*** Block opens ***

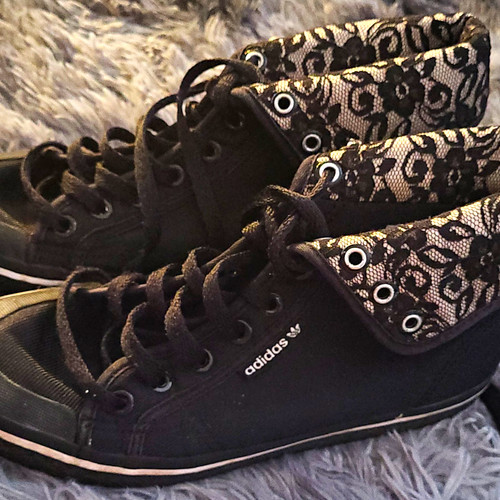 Adidas high top lace up - high,
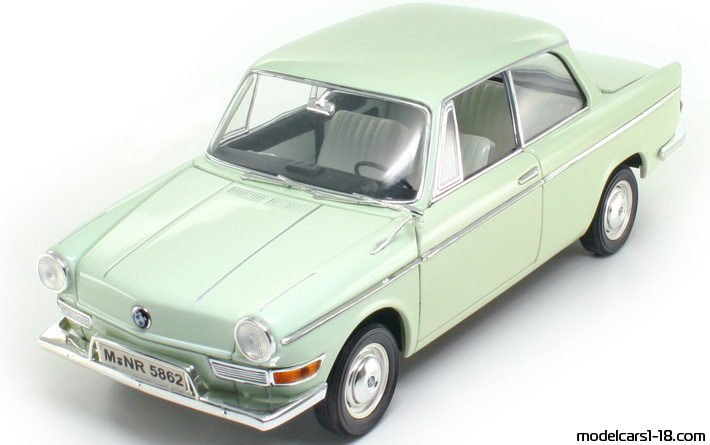 1962 - BMW 700 LS Saloon Signature Models 1/18 - Предна лява страна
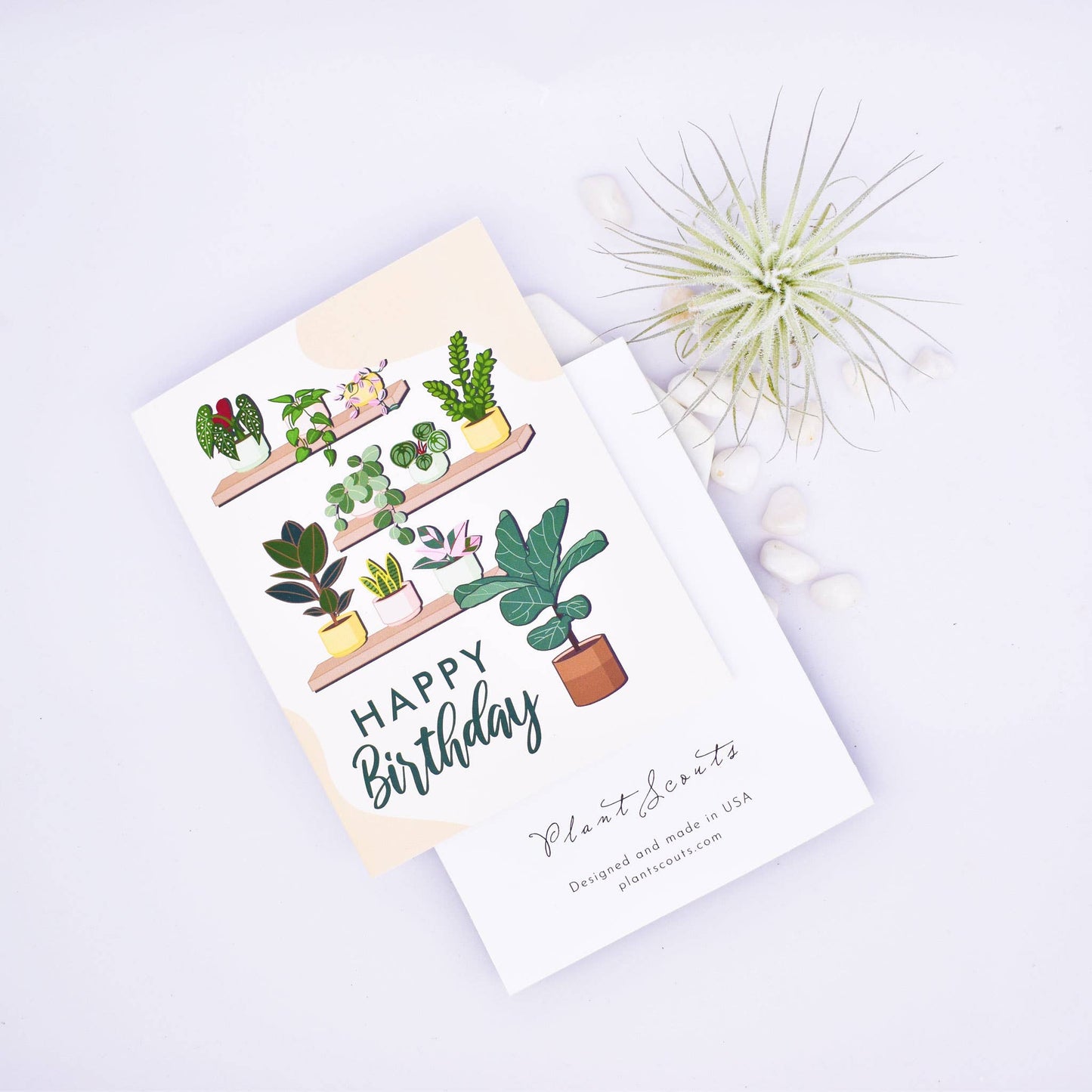 Birthday Greetings Card - Plant Lover Card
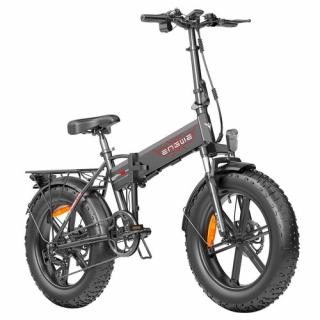 ENGWE EP-2-PRO Skladací elektrický bicykel - čierna  + Zámok na kolobežku zadarmo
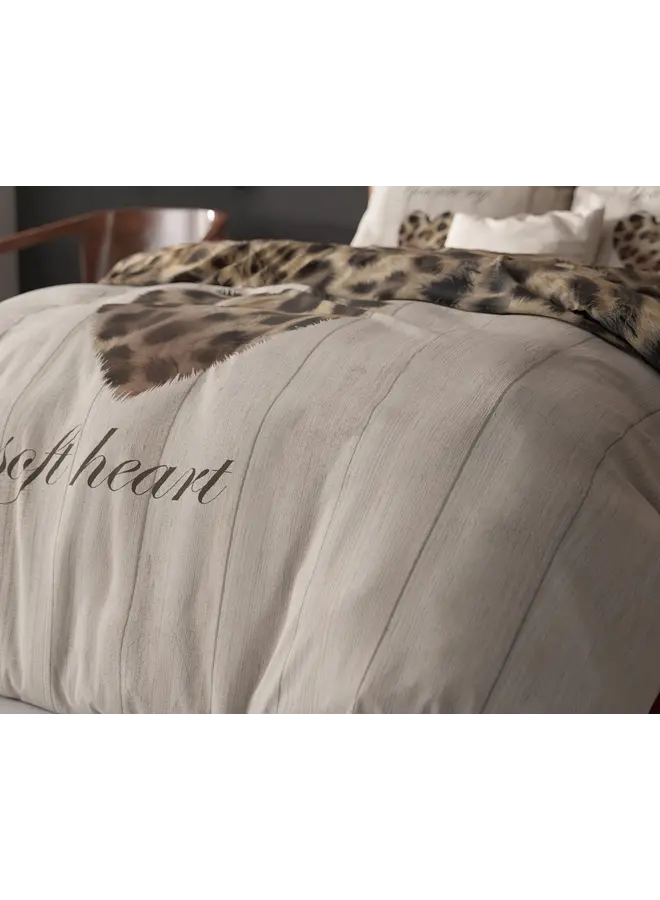 Sleeptime Dekbedovertrek You Are My Heart Zand - Microvezel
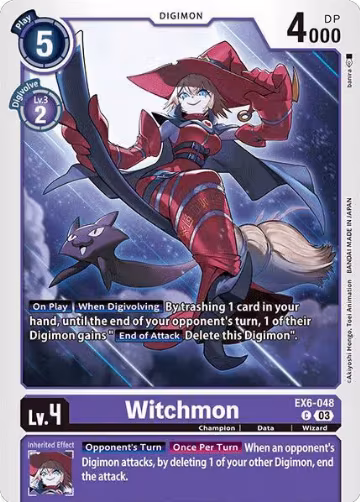 Witchmon (EX6-048 C), Infernal Ascension — Digimon card price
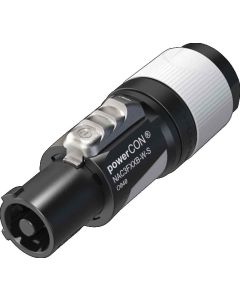 Powercon Mains Output 3 Pin 20a 6-12mm Connector, Neutrik NAC3FXXB-W-S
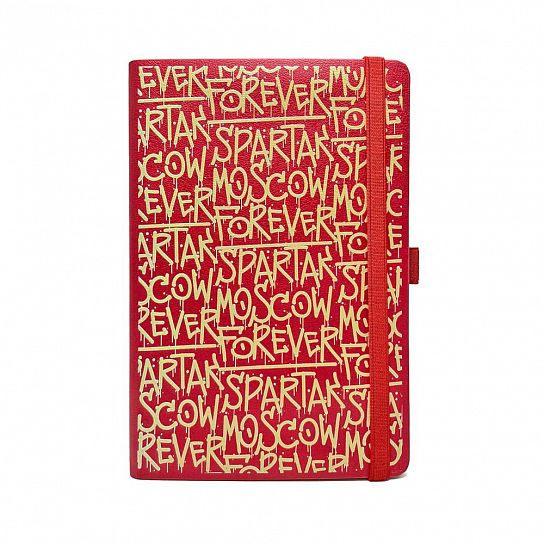 A5 undated diary on an elastic band Graffiti Paternus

*** Block closes ***

- _What to work on_
Leaving out all pictures, retype exactly the lines that run from the one containing "Sleeptime Dekbedovertrek You" through the last line of the material.

- _Response_
 Sleeptime Dekbedovertrek You Are My Heart Zand - Microvezel
 Witchmon (EX6-048 C), Infernal Ascension — Digimon card price
 Powercon Mains Output 3 Pin 20a 6-12mm Connector, Neutrik NAC3FXXB-W-S
 A5 undated diary on an elastic band Graffiti Paternus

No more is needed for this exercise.